**Dataset excerpts**.
================================

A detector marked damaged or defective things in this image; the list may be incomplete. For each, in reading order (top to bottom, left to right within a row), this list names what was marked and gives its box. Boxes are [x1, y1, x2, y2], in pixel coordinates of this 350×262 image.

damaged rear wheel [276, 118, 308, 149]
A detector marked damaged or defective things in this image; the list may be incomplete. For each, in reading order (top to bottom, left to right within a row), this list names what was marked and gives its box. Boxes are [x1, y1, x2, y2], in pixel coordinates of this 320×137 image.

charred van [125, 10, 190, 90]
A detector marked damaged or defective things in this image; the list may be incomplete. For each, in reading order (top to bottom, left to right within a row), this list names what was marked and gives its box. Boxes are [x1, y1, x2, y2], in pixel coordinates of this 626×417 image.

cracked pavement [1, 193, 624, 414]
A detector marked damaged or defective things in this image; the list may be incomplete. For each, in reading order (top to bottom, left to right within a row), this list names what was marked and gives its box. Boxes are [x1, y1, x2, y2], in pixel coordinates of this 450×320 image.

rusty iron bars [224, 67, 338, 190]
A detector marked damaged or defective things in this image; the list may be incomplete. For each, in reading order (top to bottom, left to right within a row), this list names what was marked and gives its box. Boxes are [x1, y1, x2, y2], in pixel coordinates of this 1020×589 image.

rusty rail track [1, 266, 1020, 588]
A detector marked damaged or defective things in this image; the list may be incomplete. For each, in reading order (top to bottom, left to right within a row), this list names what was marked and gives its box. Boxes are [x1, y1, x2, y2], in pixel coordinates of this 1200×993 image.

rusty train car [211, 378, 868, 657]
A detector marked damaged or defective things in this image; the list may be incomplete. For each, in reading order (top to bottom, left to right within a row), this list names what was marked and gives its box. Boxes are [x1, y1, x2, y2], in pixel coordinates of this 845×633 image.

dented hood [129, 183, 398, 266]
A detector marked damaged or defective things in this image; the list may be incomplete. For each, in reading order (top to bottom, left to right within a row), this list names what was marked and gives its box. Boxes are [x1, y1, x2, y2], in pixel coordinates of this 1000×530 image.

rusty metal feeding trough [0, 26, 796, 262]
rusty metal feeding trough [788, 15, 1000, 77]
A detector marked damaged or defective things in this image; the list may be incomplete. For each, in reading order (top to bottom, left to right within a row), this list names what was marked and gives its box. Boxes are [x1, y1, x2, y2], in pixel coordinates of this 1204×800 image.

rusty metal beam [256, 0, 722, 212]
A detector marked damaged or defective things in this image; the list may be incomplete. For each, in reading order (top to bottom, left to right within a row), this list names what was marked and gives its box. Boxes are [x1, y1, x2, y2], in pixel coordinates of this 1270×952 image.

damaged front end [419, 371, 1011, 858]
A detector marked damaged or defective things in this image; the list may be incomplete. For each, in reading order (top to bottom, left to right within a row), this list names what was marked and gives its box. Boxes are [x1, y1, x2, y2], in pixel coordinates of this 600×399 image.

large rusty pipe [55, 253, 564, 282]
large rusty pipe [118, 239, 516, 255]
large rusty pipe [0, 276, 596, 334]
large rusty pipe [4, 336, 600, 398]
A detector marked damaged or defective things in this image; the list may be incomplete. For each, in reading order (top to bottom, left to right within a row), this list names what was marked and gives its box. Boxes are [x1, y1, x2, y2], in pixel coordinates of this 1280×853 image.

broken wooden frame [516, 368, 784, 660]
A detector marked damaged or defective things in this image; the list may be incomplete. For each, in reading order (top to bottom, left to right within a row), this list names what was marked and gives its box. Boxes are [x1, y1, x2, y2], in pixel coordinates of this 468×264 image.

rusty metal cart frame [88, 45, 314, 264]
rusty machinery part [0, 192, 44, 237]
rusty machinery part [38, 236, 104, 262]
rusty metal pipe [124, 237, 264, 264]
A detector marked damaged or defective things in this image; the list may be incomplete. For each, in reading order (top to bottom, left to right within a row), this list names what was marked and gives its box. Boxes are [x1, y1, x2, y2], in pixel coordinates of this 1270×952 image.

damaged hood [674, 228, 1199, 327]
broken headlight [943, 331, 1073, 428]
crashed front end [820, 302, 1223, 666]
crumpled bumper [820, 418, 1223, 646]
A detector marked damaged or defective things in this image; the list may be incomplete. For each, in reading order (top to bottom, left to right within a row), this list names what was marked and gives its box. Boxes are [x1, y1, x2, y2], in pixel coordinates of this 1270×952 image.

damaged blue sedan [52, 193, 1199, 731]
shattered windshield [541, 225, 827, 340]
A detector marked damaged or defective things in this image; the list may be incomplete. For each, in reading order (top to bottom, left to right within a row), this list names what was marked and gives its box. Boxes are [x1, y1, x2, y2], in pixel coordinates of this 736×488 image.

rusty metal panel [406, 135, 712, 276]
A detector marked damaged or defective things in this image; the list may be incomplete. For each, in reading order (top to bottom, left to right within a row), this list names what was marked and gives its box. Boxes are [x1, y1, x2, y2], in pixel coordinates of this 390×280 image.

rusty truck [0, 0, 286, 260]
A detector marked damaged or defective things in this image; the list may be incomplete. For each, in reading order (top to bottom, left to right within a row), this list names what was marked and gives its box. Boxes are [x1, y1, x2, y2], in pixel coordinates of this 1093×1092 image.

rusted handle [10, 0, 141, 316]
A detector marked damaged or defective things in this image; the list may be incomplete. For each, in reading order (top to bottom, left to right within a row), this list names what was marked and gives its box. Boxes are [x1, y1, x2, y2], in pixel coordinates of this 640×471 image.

================================

**Your goal**. In the material above, find the line with "this 390×280 image."; then retype it and every line after it through the last, exactly as written.

**Solution**.
A detector marked damaged or defective things in this image; the list may be incomplete. For each, in reading order (top to bottom, left to right within a row), this list names what was marked and gives its box. Boxes are [x1, y1, x2, y2], in pixel coordinates of this 390×280 image.

rusty truck [0, 0, 286, 260]
A detector marked damaged or defective things in this image; the list may be incomplete. For each, in reading order (top to bottom, left to right within a row), this list names what was marked and gives its box. Boxes are [x1, y1, x2, y2], in pixel coordinates of this 1093×1092 image.

rusted handle [10, 0, 141, 316]
A detector marked damaged or defective things in this image; the list may be incomplete. For each, in reading order (top to bottom, left to right within a row), this list names what was marked and gives its box. Boxes are [x1, y1, x2, y2], in pixel coordinates of this 640×471 image.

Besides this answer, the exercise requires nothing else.